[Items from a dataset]
· · ·
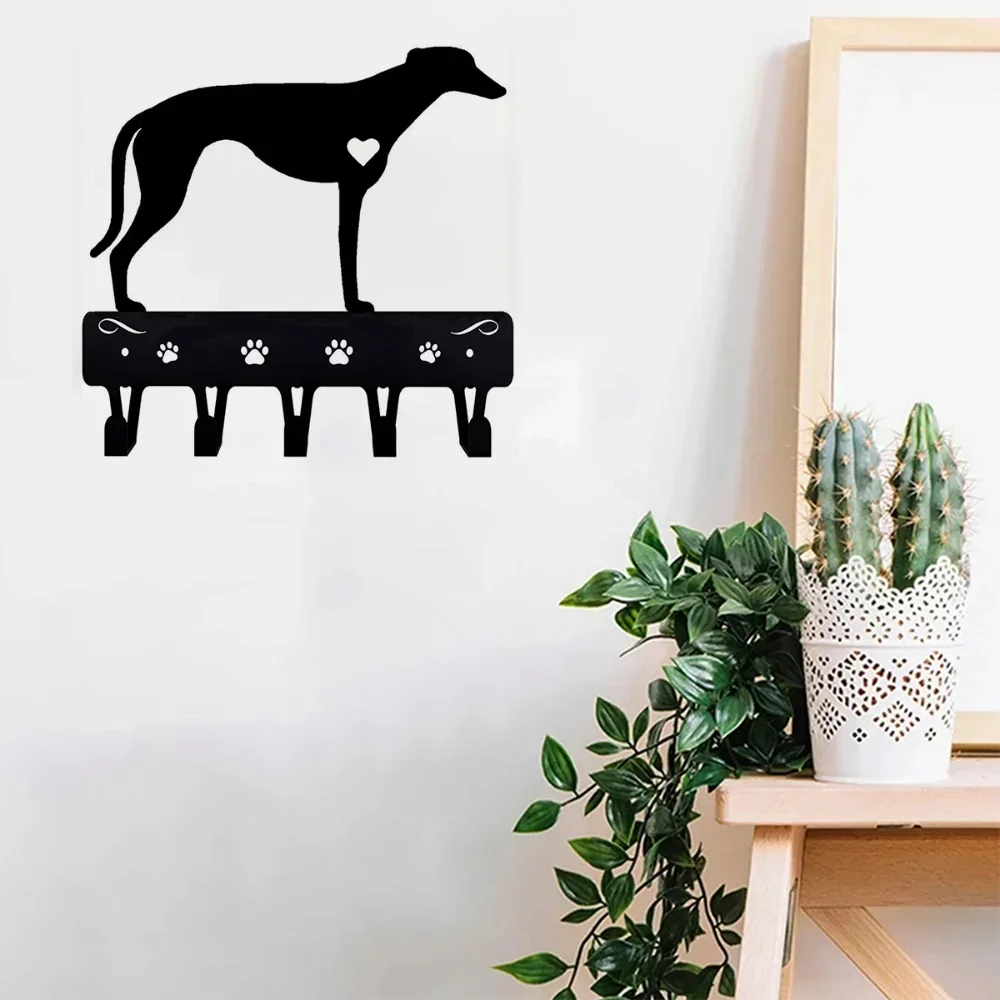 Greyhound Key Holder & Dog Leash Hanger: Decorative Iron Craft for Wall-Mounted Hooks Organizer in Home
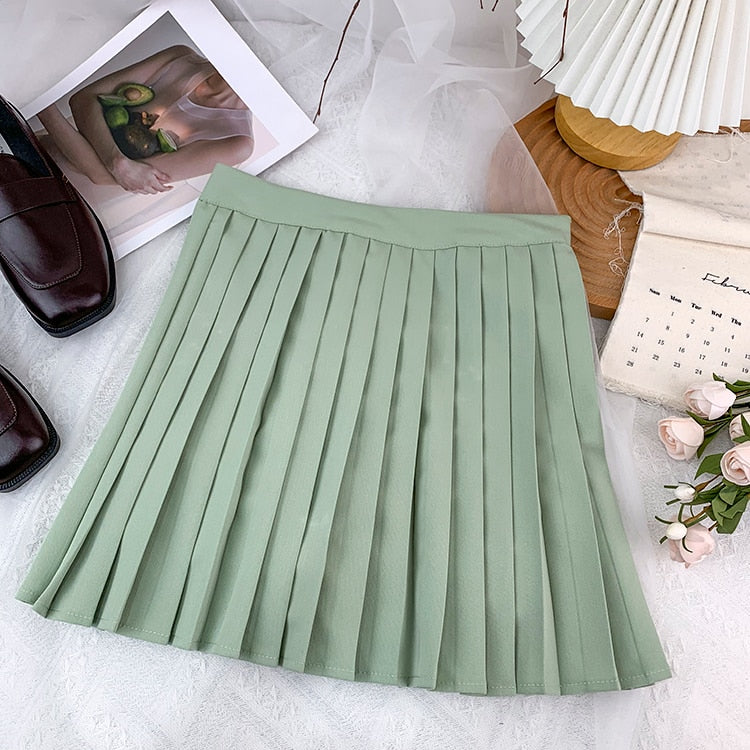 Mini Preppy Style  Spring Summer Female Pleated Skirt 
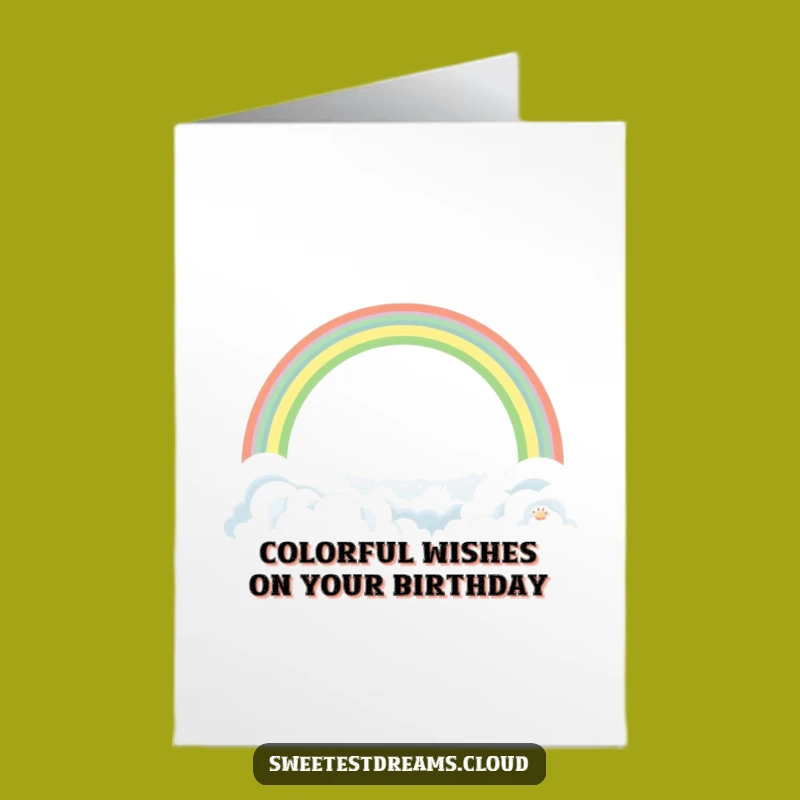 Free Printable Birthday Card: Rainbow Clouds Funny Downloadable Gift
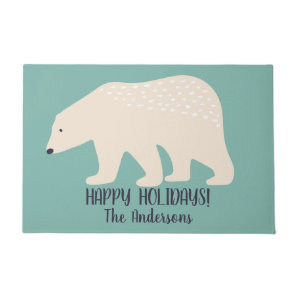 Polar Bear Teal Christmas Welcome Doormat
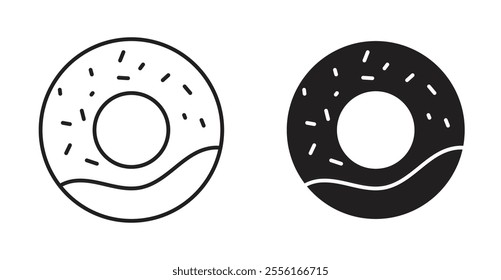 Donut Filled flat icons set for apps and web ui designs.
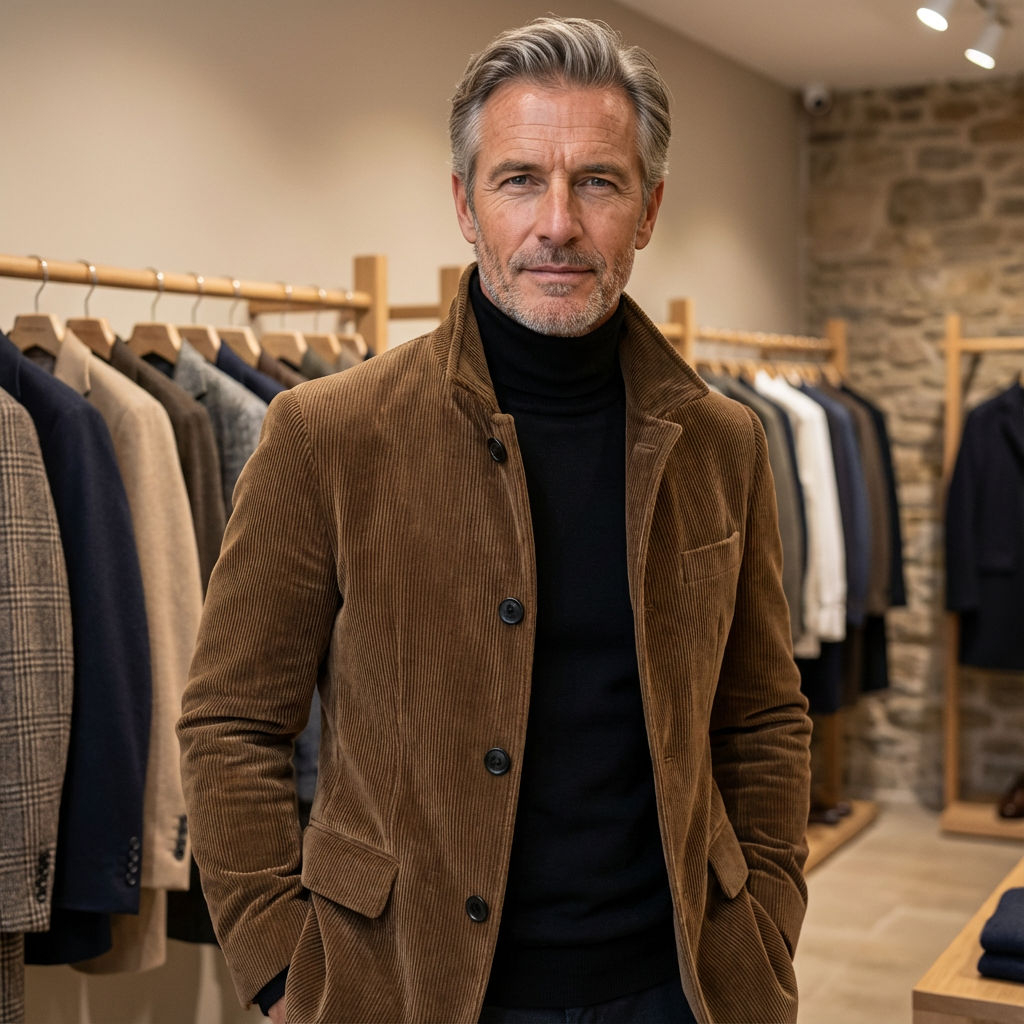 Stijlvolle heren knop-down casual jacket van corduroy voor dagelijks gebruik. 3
· · ·
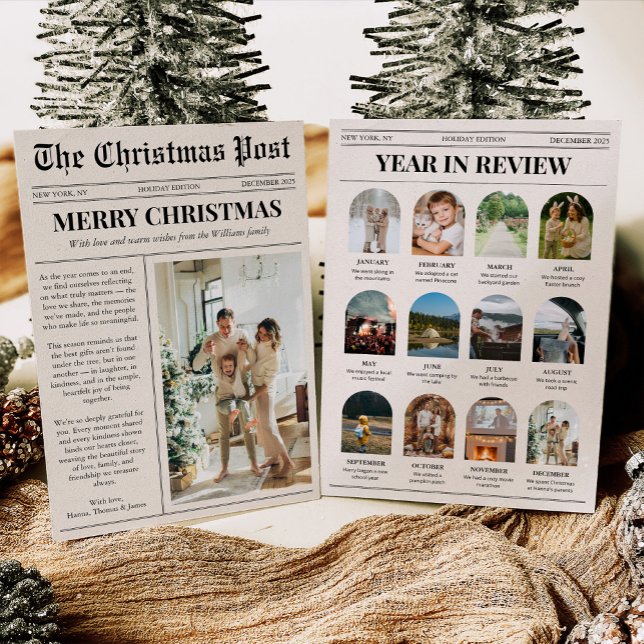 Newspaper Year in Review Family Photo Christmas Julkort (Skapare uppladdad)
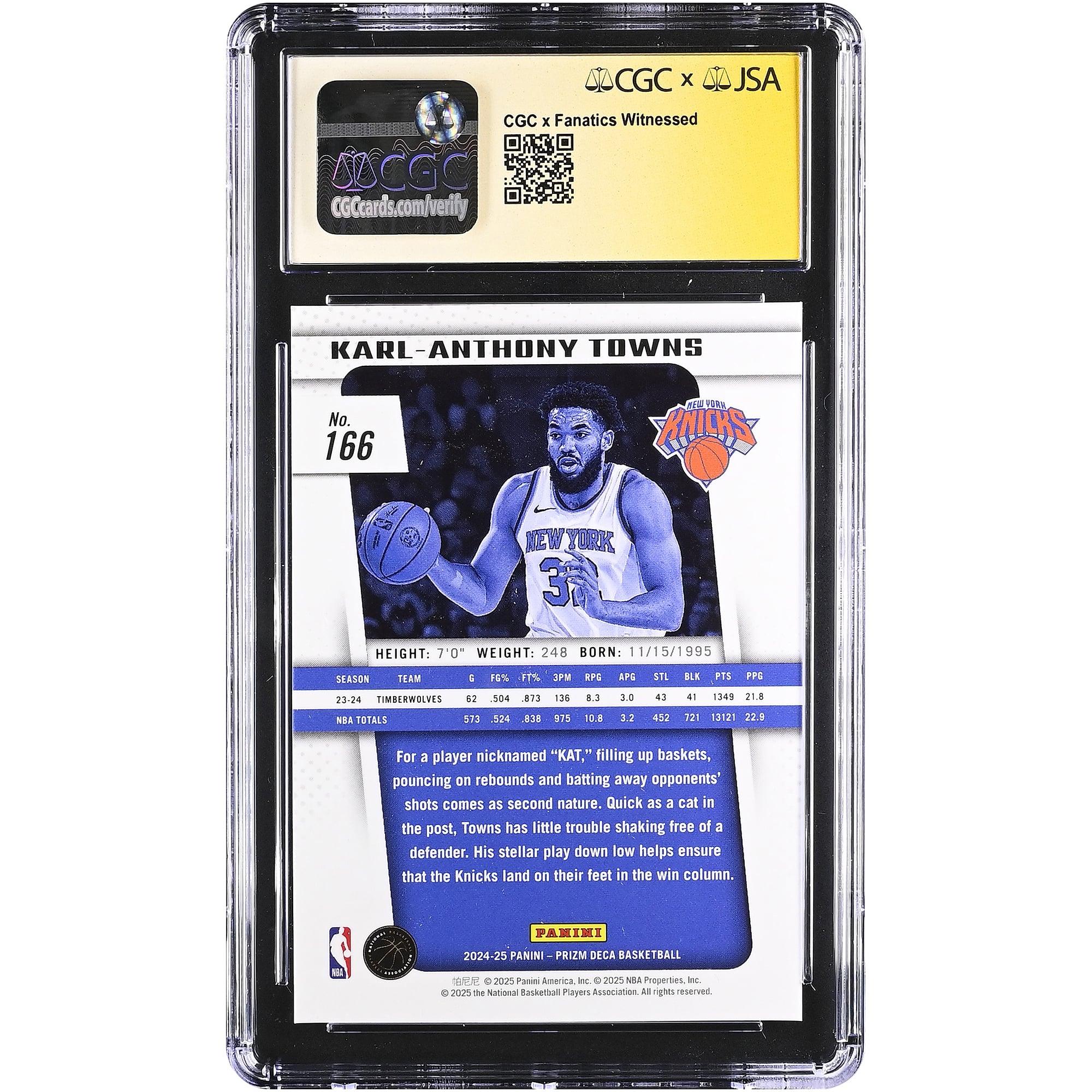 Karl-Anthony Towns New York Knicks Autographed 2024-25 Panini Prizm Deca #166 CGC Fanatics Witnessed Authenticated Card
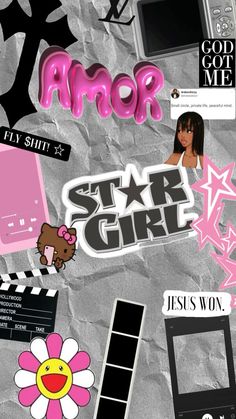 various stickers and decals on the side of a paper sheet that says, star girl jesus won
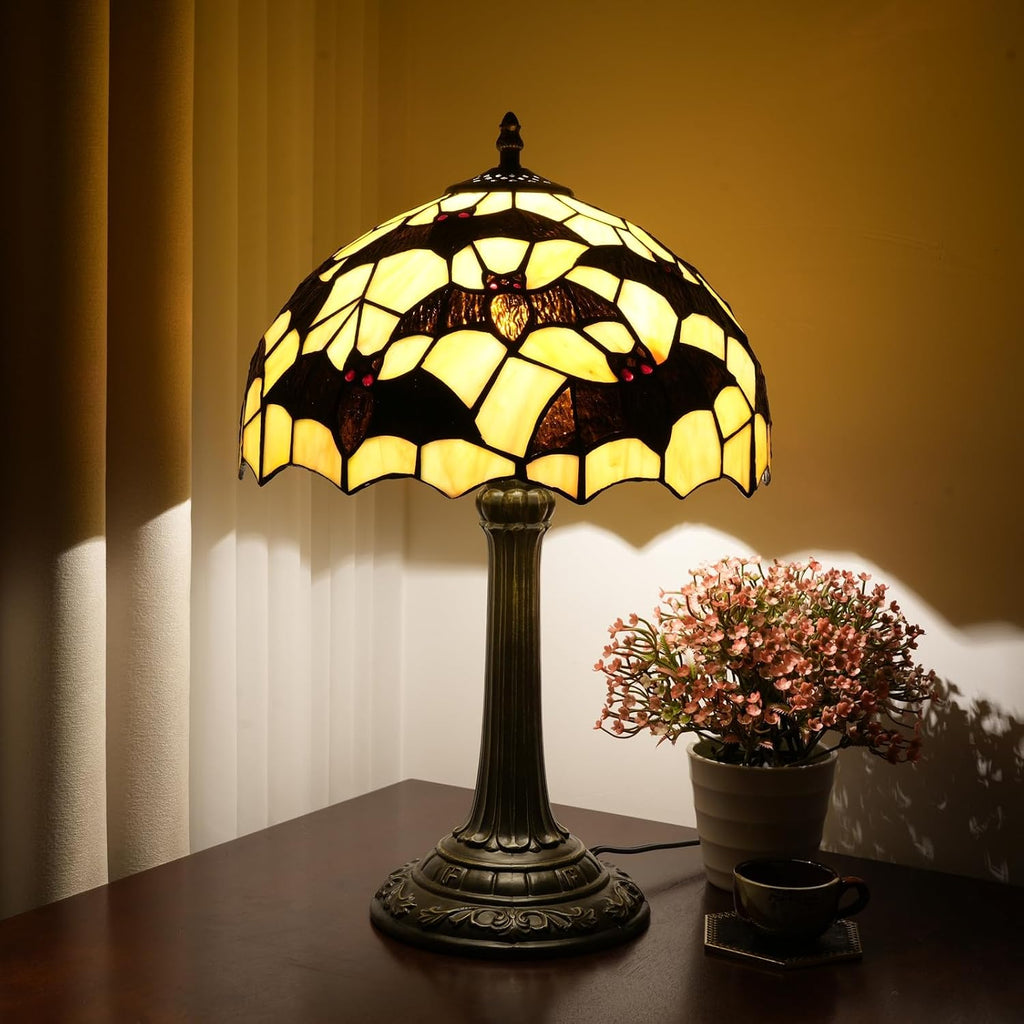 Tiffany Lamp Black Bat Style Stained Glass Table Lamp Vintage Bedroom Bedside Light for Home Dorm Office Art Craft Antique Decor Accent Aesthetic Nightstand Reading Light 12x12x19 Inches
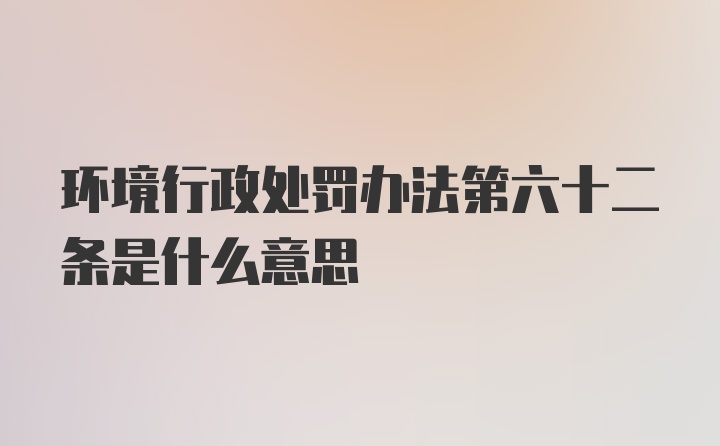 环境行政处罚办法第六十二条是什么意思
· · ·
**EXERCISE GOAL:** Using the data above, print only the lines starting at the one with "Donut Filled flat" and ending at the one with "Stijlvolle heren knop-down", exactly as they stand, minus the pictures.

**EXERCISE SOLUTION:**
 Donut Filled flat icons set for apps and web ui designs.
 Stijlvolle heren knop-down casual jacket van corduroy voor dagelijks gebruik. 3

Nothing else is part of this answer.